Move fast, break things

Works well in earlier development stages. I never complained when upgrading Node.js from 0.1.x to 0.2.x broke my app as well as several dependencies. However, this effectively reduces library availability, since many authors just can’t or interested enough to keep up with the development pace. I was astonished to hear from some of my ruby friends that they avoid using libraries not updated within 3 months as possibly abandoned ones.

It also poses a strain on language users forced to change their coding habits and to constantly seek for and adapt a replacement libraries for abandoned ones. Some of them consequently settle with particular language or framework version causing an erosion of a community and ecosystem.

Stay small

… and useless. A viable strategy for very domain specific or otherwise having narrow field languages, e.g. for education. In any other case wider audience will need language to be extended to be useful for them. The alternative is to stay small …

… and provide language extending capabilities. Seems like a good one. However, it hadn’t quite worked for lots of lisps and forths. The common issue is that by not providing enough common ground you encourage separating into dialects.

Language of each project gets tailored to project needs, to particular team style. Communities divide, codebases become incompatible effectively narrowing the language for its users and causing confusion for newcomers.

The other issue with both flavors of this approach is that problem is not solved, it’s only reduced. There is still no strategy to evolve the core.

Rolling deprecation

This is when you introduce new things leaving old intact, but marking them as deprecated. After several releases deprecated things are removed and new things take their place. Using this strategy you can continuously introduce changes while still providing a compatibility guarantee for several releases. There are, however, some considerations to this strategy.

First, you’ll need new API each time you update something in backwards incompatible manner. Say you have a function to parse URLs and it returns a dict of query parameters. It however doesn’t handle repetitive params well, it just captures last value. So you decided to update it to return a list instead. This change could break someone’s code, so you end up with one of:

1
2
3
4
5
def parse(url, capture_all=False):
    ...

def parse_all(url):
    ...

Your users, respecting deprecation, litter their code with ugly parse(url, True) or parse_all(url) calls. And when finally you get rid of an old parse you need another round of deprecation to return to sane API. On function level this leads to do_something_ex() things, on module level we can see urllib2, newforms and better-assert.

Second, you’ll obviously need to ship several implementations for things you change. This hardens managing whatever you are doing a bit. But making life easier for broader group, whatever users, by making it harder for narrower one, whatever developers, is generally a good trade-off.

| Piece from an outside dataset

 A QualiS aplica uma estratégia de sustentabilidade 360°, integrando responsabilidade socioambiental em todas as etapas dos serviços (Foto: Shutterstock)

Third, gradual change is not always possible. Say you want to change how the / operator works in your language. To be compatible it should work the old way in old code and a new way in new one.

Rolling a language

Making an operator work differently depending on context seems impossible, but also offers a hint to resolve both itself and API uglifying issue. So obviously first we need a way to tell new code from old. The simplest thing is just stating this explicitly, and this is already used in Python 2:

1
from __future__ import division

and in Perl 5:

1
use feature 'say';

Python version has file scope and Perls lexical one. Perl also goes farther by bundling features into language versions. E.g. by:

1
use v5.16;

you can turn on all 5.16 features, this can also deprecate some old features or alter their behavior. Any old code without that use statement or with the one with earlier version continues to behave the exact way it did. So we can change a language in a backward incompatible manner while still providing compatibility with older code.

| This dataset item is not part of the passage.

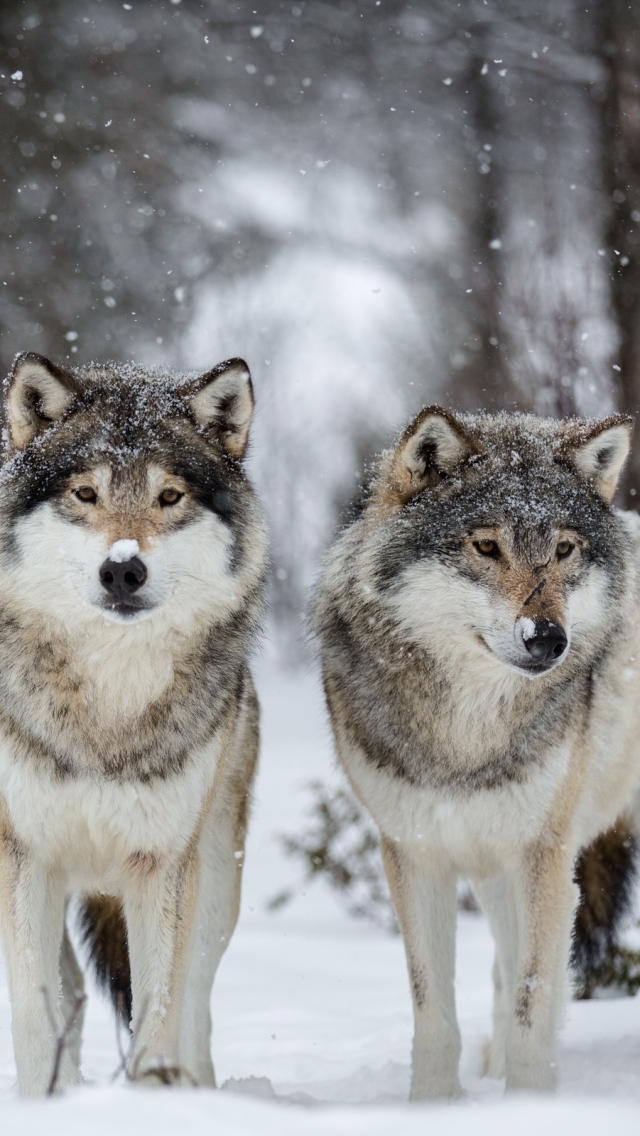 Téléchargez des papiers peints mobile Animaux, Hiver, Loup, Chute De Neige, L'hiver, Neiger, Wolves gratuitement.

So this is it, the idea I started this post to promote. Lower I’ll just address any issues/objections that I can think of.

Issues

Let’s start from the ones from rolling deprecation section. First (ugly APIs) and last (no way to break) are resolved automatically, second – the need to ship several implementations bundled – remains. We can manage that by carefully storing all active implementations and providing a limit on supported versions, e.g. make use v5.10 an error in 5.20 version of a language. We’ll need to make this span large and stable enough though.

There is also an issue of how do we start this process. It’s however rather trivial, say our language is at version 3.4 now, when to add our rolling model in 3.5, we add some form of use statement there and in absence of it just assume 3.4 semantics.

Easy parts

These ones are almost automatically solved by version declaration, still some elaboration will probably close unneeded questions.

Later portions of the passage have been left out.